Surgery and Microinjection
Cannula implantation was performed as previously described (Carvalho-Netto et al, 2007). Briefly, mice were implanted with stainless steel guide cannula (32-gauge) under anesthesia. Stereotaxic coordinates (Paxinos and Franklin, 2001) for the PAG were, respectively, 4.2 mm posterior to bregma, 1.3 mm lateral to the midline, and 2.2 mm ventral to the skull surface, with the guide cannula angled 26° to the vertical. A dummy cannula was inserted into each guide-cannula immediately after each surgery to reduce the incidence of occlusion. Five to seven days after surgical recovery, solutions were injected into the PAG by microinjection unit which extended 1.0 mm beyond the tips of the guide cannula. Each microinjection unit was attached to a 5-µl Hamilton microsyringe via polyethylene tubing and administration was controlled by an infusion pump programmed to deliver a volume at rate of 0.1 µl over a period of 30 s. At the conclusion of the experiments 1% Evans blue dye was administered to mice according to the microinjection procedure described above for intra-PAG administration. A post-mortem histological control of the injection site was performed on cryostat sections of unfixed brains previously frozen. The data of any mice were excluded from statistical analysis if the cannula tip was outside the PAG or if the region had sustained extensive damage. The brains from mice which were further submitted to Western blot were extracted leaving the cannula implanted in the brain. The location of cannula inside PAG was observed under stereomicroscope (Leica MZ12.5, Leica, Solms, Germany). Only specimens from mice with cannula path inside the PAG were used for Western blot experiments.
Hot plate test
Mice were placed inside a stainless steel container, which was set thermostatically at 52.5±0.1 °C in a precision water-bath. Here we have used lower temperature in hot plate test (52°C instead of 54°C) to reveal possible subtle alterations that may occur in basal nociception. The licking latency was measured immediately prior i.p. morphine injection. Hot plate test started 15 min after morphine administration and licking latencies were measured at 15 min intervals for 60min after starting time. A 30s cut-off to prevent tissue damage was used. The endpoint for the licking response was the first paw lick of the front paw. Increased nociception was seen as shorter latencies to the responses evaluated. The test was performed in a blind fashion. Mice pretreated with drugs administered as previously described, were evaluated for licking latency basal value.

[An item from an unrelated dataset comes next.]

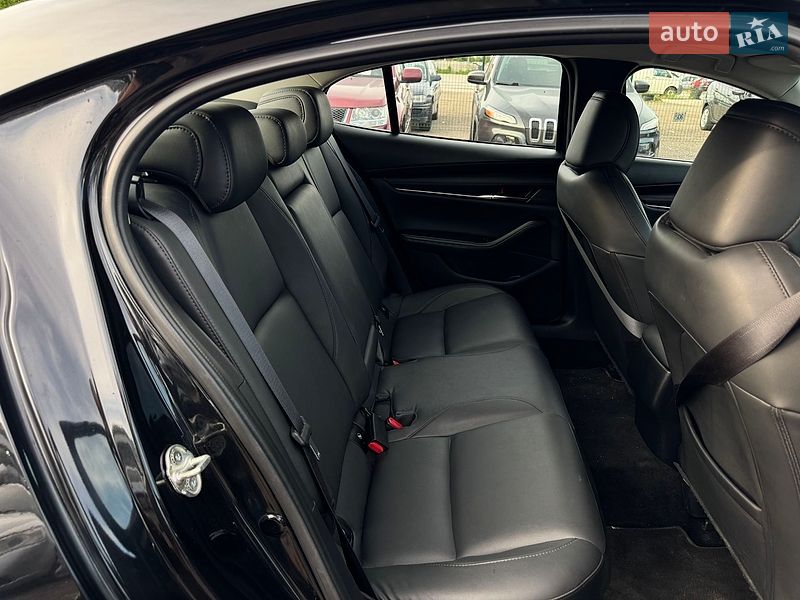Седан Mazda 3 2024 в Томаковке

Rota-rod and hole-board test
For both tests, animals were pretreated with saline (i.p.), intra-PAG vehicle or M119(40ng/mouse), 1µg/Kg morphine (i.p.) in presence or absence of M119 and submitted to rota-rod and hole-board (Ghelardini et al, 2008). Twelve mice per group were tested. The rota-rod test apparatus consists of a base platform and a rotating rod (3×30cm) placed at a height of 15 cm from the base and divided into five equal sections by six disks. Up to five mice were tested simultaneously on the apparatus, with a rod-rotation speed of 16 r.p.m. The integrity of motor coordination was assessed on the basis of the number of falls from the rod in 30 s, according to Vaught et al. (1985). Performance time was measured before and 15, 30 and 45 min after the administration of the investigated compounds. The hole board test consisted of a 40 cm square plane with 16 flush-mounted cylindrical holes (3 cm diameter) distributed four by four in an equidistant, grid-like manner. Mice were placed on the center of the board one by one and allowed to move about freely for a period of 10 min each. Two electric eyes, crossing the plane from midpoint to midpoint of opposite sides, thus dividing the plane into four equal quadrants, automatically signaled the movement of the animal (counts in 5 min) on the surface of the plane (spontaneous motility). Miniature photoelectric cells, in each of the 16 holes, recorded (counts in 5 min) the exploration of the holes (inspection activity) by the mice. Mice pretreated with 1µg/Kg morphine (i.p.) in presence or absence of intra-PAG CTOP (80ng/mouse) were previously submitted to both tests (Ghelardini et al, 2008).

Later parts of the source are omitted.